The monarch himself, with his guards and Dessolle’s first brigade, returned, on the 20th, to Madrid.

Three days had sufficed to dissipate the storm on the side of La Mancha, but the duke Del Parque still menaced the sixth corps in Castile, and the reports from Talavera again spoke of Albuquerque and the English being in motion. The second brigade of Dessolle’s division had returned from Old Castile on the 19th, and the uncertainty with respect to the British movements, obliged the king to keep all his troops in hand. Nevertheless, fearing that, if Del Parque gained upon the sixth corps, he might raise an insurrection in Leon, Gazan’s division of the fifth corps was sent, from Toledo, through the Puerto Pico, to Marchand’s assistance, and Kellerman was again directed to take the command of the whole.
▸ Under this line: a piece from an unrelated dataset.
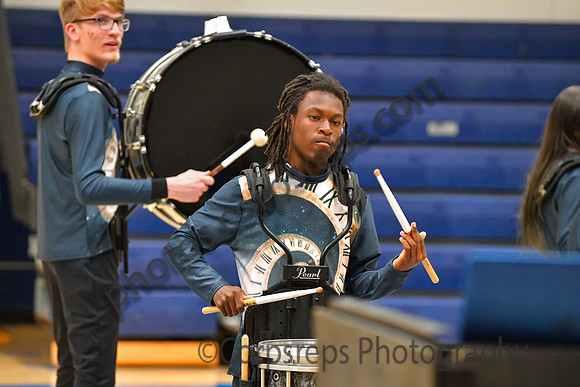 Middletown HS Percussion_260418_Gateway Regional-DJK00962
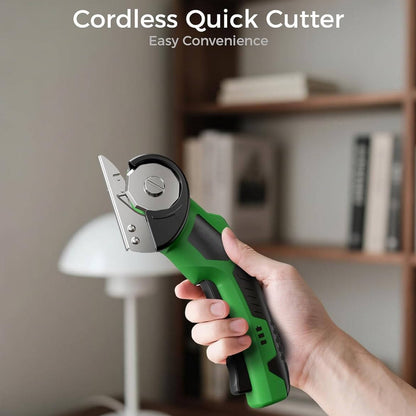 Sollievo Cordless Electric Scissors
During these events, the British army remained tranquil about Badajos; but Albuquerque, following his orders, had reached Peralada de Garbin, and seized the bridge of Arzobispo, in expectation of being joined by the duke Del Parque. That general, however, who had above thirty thousand men, thought, when Dessolle’s division was recalled to Madrid, that he could crush the sixth corps, and, therefore, advanced from Bejar towards Alba de Tormes on the 17th, two days before the battle of Ocaña. Thus, when Albuquerque expected him on the Tagus, he was engaged in serious operations beyond the Tormes, and, having reached Alba, the 21st, sent a division to take possession of Salamanca, which Marchand had again abandoned. The 22d he marched towards Valladolid, and his advanced guard and cavalry entered Fresno and Carpio. Meanwhile Kellerman, collecting all the troops of his government, and being joined by Marchand, moved upon Medina del Campo, and the 23d, fell with a body of horse upon the Spaniards at Fresno. The Spanish cavalry fled at once; but the infantry stood firm, and repulsed the assailants.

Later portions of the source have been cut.